We got home, and Leslie and I headed toward a paint project in the basement. We asked Elizabeth to join us, but she was preoccupied. Our 10 year disappeared into the study and into deep thought.

An hour later the issue was resolved.

Rather than get on the phone with Margie to conspire, Elizabeth thought about the problem, and then called Lindsay directly. In a non-confrontational manner, she mentioned she found two video games in Lindsay’s bag. Lindsay, completely innocent, thought they must have fallen out when they were playing and put Elizabeth’s game bag in there.

Of course.

Then, Elizabeth brought up the truffles.

“Why did you take that tin, Lindsay?” she asked calmly, “I said you couldn’t have
it. I collect them.”
“But, I wanted it,” Lindsay squeaked in a tiny, captured voice that revealed so much about her child-like heart.

“You know, Lindsay, stealing isn’t what friends to do one another,” said my daughter, the self-possessed Aries and self-appointed Teacher of Friends.

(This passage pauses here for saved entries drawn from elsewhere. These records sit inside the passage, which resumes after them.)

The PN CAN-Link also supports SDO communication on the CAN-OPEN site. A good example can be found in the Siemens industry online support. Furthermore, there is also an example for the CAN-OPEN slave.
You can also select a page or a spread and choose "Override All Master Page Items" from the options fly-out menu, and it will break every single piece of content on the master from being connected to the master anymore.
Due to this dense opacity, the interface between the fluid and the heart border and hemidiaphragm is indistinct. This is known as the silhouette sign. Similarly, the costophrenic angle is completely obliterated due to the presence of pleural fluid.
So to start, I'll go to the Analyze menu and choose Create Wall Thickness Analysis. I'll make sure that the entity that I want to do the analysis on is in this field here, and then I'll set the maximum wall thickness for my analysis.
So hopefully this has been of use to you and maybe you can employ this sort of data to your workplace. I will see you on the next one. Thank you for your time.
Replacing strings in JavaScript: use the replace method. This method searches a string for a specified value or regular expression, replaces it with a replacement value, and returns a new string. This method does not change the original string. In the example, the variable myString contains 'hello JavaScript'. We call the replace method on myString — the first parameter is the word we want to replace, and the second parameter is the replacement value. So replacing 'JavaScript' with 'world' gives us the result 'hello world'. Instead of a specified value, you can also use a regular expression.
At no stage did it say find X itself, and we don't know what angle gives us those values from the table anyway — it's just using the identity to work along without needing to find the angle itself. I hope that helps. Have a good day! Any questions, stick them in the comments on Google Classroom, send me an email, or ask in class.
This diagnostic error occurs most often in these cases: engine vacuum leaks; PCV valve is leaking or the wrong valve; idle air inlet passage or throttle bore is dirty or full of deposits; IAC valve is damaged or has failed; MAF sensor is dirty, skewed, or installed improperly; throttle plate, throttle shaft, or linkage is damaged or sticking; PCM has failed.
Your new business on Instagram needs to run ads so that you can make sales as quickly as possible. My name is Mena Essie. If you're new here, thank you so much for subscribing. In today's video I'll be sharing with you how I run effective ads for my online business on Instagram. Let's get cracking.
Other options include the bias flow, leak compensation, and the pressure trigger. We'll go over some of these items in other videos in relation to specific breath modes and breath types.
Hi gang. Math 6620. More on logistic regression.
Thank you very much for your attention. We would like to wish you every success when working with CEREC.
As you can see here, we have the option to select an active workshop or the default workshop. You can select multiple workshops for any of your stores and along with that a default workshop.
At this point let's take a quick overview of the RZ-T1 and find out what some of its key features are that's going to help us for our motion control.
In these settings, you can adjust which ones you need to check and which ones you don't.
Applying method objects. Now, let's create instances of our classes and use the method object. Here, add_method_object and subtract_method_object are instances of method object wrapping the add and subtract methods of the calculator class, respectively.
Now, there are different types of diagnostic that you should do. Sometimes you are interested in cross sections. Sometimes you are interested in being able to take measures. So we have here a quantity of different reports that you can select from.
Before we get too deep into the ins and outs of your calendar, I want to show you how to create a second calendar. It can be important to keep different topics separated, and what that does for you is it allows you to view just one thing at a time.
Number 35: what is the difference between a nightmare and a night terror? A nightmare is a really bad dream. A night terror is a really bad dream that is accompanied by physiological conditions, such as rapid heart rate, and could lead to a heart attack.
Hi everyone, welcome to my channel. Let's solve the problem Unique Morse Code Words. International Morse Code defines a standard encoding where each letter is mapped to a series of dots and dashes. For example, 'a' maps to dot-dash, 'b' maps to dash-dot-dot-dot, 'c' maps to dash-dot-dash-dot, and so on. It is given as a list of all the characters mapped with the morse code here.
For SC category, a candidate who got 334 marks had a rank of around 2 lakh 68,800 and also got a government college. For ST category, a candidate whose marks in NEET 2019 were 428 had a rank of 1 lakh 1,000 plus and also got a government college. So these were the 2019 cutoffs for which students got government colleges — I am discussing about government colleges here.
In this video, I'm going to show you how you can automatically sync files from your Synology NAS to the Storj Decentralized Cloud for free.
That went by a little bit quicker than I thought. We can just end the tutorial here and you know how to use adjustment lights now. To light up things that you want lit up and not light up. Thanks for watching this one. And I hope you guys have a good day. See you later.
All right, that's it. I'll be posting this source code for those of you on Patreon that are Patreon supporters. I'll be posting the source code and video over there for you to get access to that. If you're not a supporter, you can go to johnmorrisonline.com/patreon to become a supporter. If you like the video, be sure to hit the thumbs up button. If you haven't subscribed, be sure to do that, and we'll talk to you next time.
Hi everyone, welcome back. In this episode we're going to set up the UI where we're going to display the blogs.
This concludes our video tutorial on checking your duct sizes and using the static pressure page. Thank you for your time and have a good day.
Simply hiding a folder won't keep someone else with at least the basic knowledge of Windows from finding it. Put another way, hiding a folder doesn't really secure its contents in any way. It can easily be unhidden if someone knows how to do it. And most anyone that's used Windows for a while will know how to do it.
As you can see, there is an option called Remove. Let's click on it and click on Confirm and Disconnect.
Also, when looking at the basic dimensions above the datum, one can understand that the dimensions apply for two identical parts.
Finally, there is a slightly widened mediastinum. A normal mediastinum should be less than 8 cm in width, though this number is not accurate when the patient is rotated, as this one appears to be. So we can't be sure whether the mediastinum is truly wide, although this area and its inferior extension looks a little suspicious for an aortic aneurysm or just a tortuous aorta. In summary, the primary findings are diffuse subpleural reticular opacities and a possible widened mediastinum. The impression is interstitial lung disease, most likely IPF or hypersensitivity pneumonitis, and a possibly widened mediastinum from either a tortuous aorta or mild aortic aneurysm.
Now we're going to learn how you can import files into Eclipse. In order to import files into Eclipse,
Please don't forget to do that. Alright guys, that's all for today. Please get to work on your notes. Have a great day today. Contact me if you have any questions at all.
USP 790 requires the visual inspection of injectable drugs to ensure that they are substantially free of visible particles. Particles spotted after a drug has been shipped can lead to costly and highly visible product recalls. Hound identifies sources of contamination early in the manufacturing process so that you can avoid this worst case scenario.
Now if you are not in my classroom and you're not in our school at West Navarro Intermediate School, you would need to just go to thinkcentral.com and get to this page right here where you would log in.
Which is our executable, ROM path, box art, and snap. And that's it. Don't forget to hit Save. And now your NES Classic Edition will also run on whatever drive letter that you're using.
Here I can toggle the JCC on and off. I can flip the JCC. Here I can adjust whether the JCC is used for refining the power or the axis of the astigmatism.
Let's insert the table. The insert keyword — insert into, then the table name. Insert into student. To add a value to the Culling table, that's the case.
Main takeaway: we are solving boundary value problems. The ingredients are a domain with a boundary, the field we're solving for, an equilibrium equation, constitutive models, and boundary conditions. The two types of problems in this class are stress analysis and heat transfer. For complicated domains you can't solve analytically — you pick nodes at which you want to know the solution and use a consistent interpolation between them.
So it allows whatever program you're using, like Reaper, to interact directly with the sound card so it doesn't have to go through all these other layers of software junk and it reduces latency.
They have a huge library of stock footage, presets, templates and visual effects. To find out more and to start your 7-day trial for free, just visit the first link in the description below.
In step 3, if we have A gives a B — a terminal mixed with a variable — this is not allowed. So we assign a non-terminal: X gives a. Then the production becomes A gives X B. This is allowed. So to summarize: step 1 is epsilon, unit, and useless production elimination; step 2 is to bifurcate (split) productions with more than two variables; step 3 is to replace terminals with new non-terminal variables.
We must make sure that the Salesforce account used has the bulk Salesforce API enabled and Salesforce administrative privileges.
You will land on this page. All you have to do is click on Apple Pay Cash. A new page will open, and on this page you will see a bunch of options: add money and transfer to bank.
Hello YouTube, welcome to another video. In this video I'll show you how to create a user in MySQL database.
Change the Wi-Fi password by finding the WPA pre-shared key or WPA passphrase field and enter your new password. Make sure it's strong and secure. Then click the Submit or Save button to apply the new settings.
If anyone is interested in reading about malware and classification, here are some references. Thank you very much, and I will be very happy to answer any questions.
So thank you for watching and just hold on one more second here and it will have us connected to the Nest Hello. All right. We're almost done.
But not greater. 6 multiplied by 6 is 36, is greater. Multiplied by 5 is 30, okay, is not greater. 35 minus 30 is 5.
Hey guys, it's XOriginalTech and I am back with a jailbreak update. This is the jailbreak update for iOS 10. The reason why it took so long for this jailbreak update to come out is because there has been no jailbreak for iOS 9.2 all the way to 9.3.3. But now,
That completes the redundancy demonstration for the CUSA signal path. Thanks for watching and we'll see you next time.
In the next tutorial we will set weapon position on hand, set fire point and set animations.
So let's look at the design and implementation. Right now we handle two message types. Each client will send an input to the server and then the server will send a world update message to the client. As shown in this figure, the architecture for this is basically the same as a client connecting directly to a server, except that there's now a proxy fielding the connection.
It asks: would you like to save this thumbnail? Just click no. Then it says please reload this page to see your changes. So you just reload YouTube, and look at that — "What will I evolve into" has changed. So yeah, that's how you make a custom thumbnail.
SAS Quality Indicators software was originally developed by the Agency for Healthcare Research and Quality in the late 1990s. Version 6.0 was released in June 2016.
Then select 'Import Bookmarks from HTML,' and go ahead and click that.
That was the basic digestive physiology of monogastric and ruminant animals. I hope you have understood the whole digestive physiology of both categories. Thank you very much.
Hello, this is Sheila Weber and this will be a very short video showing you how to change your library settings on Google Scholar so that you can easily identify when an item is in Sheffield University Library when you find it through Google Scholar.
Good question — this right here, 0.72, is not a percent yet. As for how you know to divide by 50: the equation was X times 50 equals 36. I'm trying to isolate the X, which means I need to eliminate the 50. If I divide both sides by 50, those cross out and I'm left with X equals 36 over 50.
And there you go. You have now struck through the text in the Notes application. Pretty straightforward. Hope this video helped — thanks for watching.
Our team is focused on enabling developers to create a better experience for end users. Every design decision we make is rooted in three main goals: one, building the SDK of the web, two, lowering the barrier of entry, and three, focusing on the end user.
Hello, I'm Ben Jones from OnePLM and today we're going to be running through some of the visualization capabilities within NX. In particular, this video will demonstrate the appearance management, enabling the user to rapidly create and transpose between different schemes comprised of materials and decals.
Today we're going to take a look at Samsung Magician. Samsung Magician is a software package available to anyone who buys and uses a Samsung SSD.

For a moment there was silence.

And then …

“I know,” Lindsay said in an even smaller voice, “I’m sorry.”

Completely satisfied with Lindsay’s apology, Elizabeth gave the issue no further thought. The birthday trip to New York City is perfectly intact, and Elizabeth is going to Lindsay’s house tomorrow afternoon for another play date.

I am in awe. Elizabeth handled a conflict with one of her best friends with complete confidence and calmness. When I have to deal with an issue like this with someone from the past, I frequently run smack headlong into a wall of my own emotional anguish. It chokes me, and robs me of my objectivity. I have to work very hard to push beyond it.

“Elizabeth,” I asked, “how do you know Lindsay is telling the truth?”

She looks at me like I’ve suffered an Alzheimer’s moment, which, by the way she sees plenty of at her great-grandmother’s rest home.

“I know when Lindsay is lying, Nana,” she says with obvious inflection, “she was telling the truth.”

Our Aries daughter trusts her instincts.

How lucky this child is to have the unconditional love and support of her parents.

And how lucky are we to have a well adjusted, self-possessed Aries child to show us how it's done.